In the Name of the Father and of the + Son and of the Holy Spirit.

The scene in Jesus’ parable is played out week after week, each and every Lord’s Day, in this modest temple of the LORD and in Christian churches, basilicas, and cathedrals large and small, glorious and humble, throughout the world. Two men go to church to pray, one a self-righteous Pharisee of a Christian, the other a humble and repentant sinner and beggar of a Christian. The former trusts in his own righteousness by his works and so stands condemned in his sins; the latter boasts of nothing in himself but instead confesses his sins and unworthiness and pleads for God’s mercy. And, as in Jesus’ parable, it is this latter man who leaves church today justified, that is, made right with God, and not the former.
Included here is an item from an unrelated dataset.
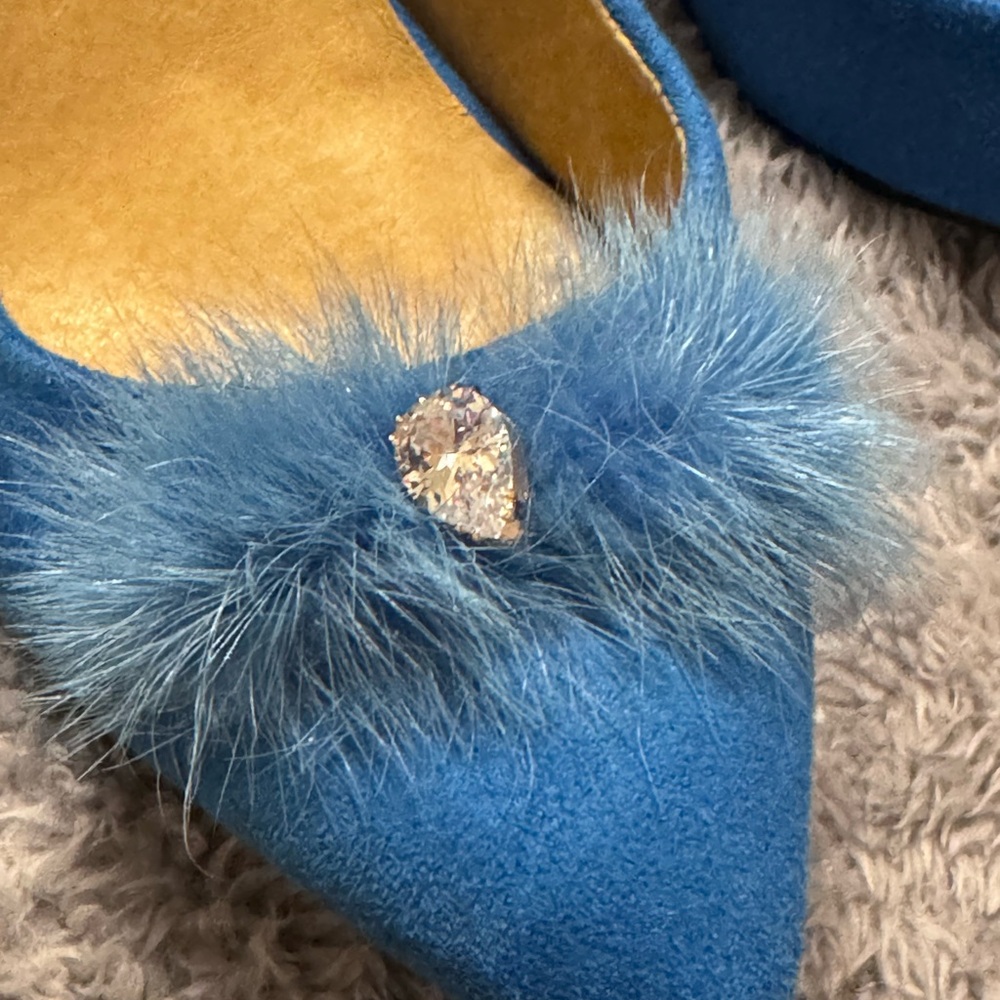 Forever Vibrant Blue Heels with Faux feather Bridal - Picture 6 of 9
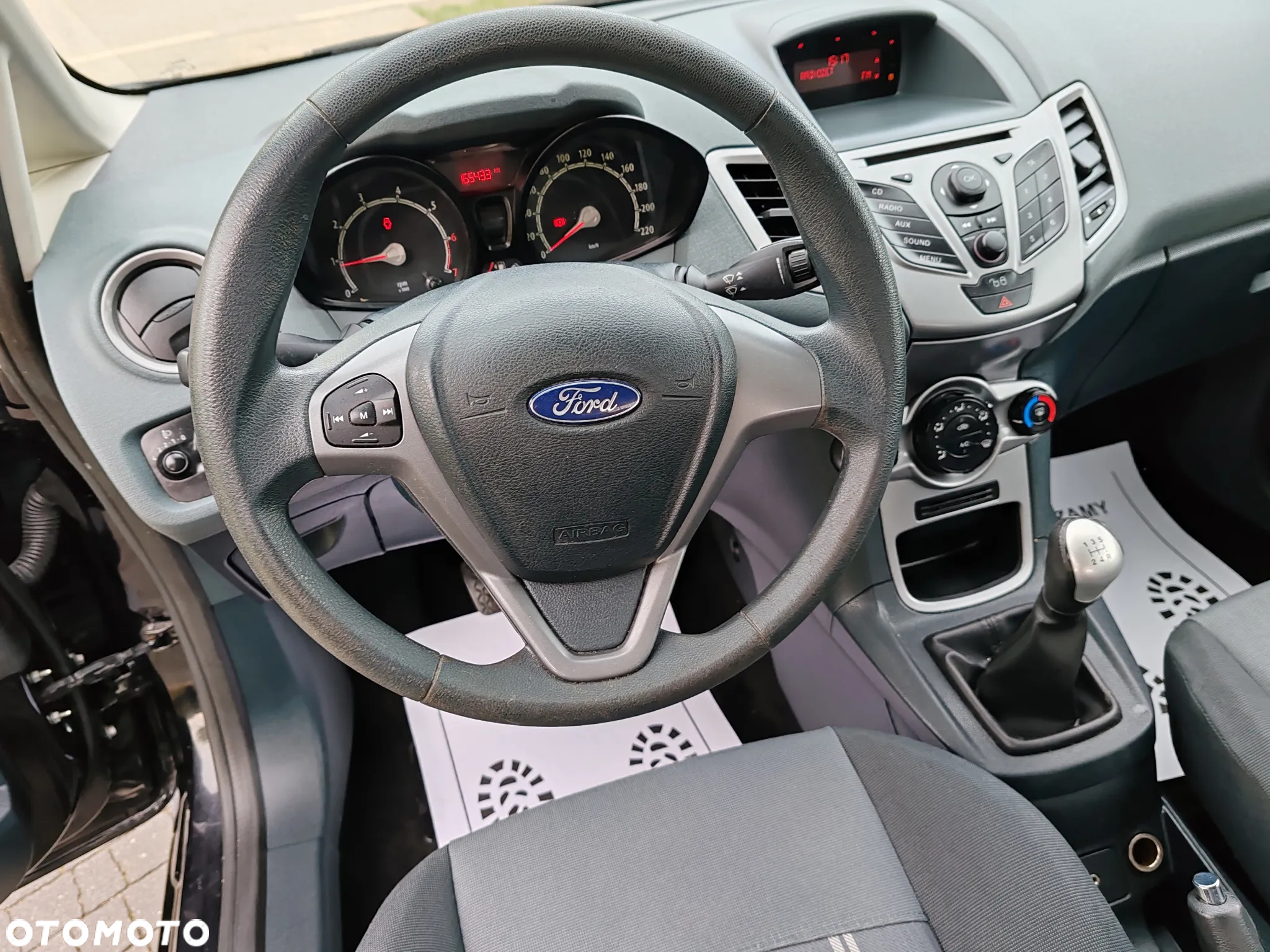 Ford Fiesta - 24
Each and every one of you must come into this temple each and every Sunday, and each and every day, were it offered, to confess your sins and your unworthiness and to plead for mercy from your God and Father through Jesus Christ. For just as there is no distinction between the Pharisee and the tax collector, so there is no distinction between the disobedient child, the petty thief, the adulterous husband, the murderer on death row, and the outwardly pious, respected, and obedient Christian – there is no distinction when it comes to justification, being made right with God. For all have sinned and fall short of the glory of God, and [all] are justified by his grace as a gift, through the redemption that is in Christ Jesus, whom God put forward as a propitiation by his blood, to be received by faith.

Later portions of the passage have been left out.